Consequences of Digital Illiteracy
Unfortunately, digital illiteracy poses a problem for this marginalized population around the world, with many first world countries favoring technology and discontinuing support for more old-fashioned, manual methods.
Digitally illiterate people tend to face difficulties in carrying out their daily tasks. With the advent of self-ordering and self-paying machines, people now purchase their transportation tickets, pay their bills, buy their groceries and even order at dining places via a digital interface. Digital illiteracy implies the inability to perform any of these tasks, or at least great difficulty when it comes to them. However, more conventional methods are usually unavailable. For instance, some public transportation systems have made the purchase of transportation credit machine-only, forcing digitally illiterate people to figure out how to operate the self-paying kiosks. Even if staff are available to help, a digitally illiterate person holds up everyone else when they require assistance.
In addition, digitally illiterate people often face problems in finding and retaining a job – 62 percent of digitally illiterate people are retired. With the scale tipped in favor of younger, more digitally inclined people, those who are digitally illiterate are more likely to find themselves unemployed after failing to keep up with technology in their field of work. This is because it can be more difficult for them to understand how to work with automated systems or even operate them, making it more efficient for the company to simply find someone more capable than to spend time and resources teaching the digitally illiterate. Some digitally illiterate people are unable to apply for a job in the first place, considering how many companies now review applications digitally, or are at least more likely to respond to applications sent via email than physical post. Most of the time, these prejudices are not founded in malice, but are done unintentionally simply because it is cheaper, more convenient, or more efficient.
These people know that they are digitally illiterate, and some may be ashamed of it, leading to a poorer quality of life than they should have. It can be frustrating for digitally illiterate people to constantly have to ask for help and find themselves left behind in the digital world. They tend not to leave their comfort zones because they do not have the knowledge to navigate to places they wish to go, especially if they are also illiterate. Furthermore, many of these older people do not want to be a burden to anyone, so they may be less inclined to ask for help.
Solving Digital Illiteracy
While developed countries could always regress to manual methods, it would make little sense for them to do so just for the benefit of a quarter of the population, and definitely would not benefit the country in its economic progress. As such, it is highly probable that technology is here to stay, with the only way ahead to educate the digitally illiterate on how they can use technology to their advantage.
Making the move to automation saves companies and governments large amounts of money.

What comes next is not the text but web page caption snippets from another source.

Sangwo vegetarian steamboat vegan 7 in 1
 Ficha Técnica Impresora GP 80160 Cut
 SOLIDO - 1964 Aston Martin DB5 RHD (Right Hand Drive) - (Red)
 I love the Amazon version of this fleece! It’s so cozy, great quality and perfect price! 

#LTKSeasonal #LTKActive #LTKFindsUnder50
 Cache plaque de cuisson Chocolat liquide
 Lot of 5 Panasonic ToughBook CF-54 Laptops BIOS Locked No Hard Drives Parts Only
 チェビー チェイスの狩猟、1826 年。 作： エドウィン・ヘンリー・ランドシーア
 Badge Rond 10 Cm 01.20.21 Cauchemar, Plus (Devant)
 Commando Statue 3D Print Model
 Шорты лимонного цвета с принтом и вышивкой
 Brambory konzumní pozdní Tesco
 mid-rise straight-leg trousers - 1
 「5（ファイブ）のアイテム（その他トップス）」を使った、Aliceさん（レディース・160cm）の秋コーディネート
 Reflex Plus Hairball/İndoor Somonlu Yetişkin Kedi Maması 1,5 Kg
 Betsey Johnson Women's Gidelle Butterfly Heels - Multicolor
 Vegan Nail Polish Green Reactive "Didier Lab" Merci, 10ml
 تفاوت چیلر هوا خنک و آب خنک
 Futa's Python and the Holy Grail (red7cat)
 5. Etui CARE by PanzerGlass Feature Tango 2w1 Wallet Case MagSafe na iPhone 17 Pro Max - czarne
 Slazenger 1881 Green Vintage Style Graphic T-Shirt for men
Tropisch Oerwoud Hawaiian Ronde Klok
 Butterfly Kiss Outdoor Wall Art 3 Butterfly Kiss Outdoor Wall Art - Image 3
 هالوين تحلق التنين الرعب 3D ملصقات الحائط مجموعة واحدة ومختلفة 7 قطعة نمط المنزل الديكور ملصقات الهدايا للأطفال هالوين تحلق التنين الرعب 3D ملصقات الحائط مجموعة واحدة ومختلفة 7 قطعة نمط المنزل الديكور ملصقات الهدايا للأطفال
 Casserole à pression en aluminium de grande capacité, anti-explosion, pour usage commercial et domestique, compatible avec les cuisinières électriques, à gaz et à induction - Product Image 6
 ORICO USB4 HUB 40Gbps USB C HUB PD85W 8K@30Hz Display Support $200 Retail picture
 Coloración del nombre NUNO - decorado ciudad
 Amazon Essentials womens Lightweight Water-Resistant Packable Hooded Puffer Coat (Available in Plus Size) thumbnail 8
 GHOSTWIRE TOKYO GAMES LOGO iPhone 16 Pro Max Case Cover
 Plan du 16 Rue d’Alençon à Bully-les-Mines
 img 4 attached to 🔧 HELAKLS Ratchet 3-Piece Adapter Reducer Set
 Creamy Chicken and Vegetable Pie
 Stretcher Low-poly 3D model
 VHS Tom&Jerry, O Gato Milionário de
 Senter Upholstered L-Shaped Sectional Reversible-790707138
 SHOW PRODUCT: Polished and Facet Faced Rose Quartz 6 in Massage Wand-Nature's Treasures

If these parties could put a fraction of that money to use in making life easier for the digitally illiterate, we can then include this marginalized population in our society’s progress. For one, some funds could be invested in providing education for the digitally illiterate, guiding them on how to use mobile devices or information kiosks. Individual companies can also work on developing a more user-friendly system, such as integrating voice recognition software into their software to make it more accessible to the digitally illiterate. Companies could simply even delegate one or two personnel to be on standby alongside the machines, in case any customer needs help with operating them.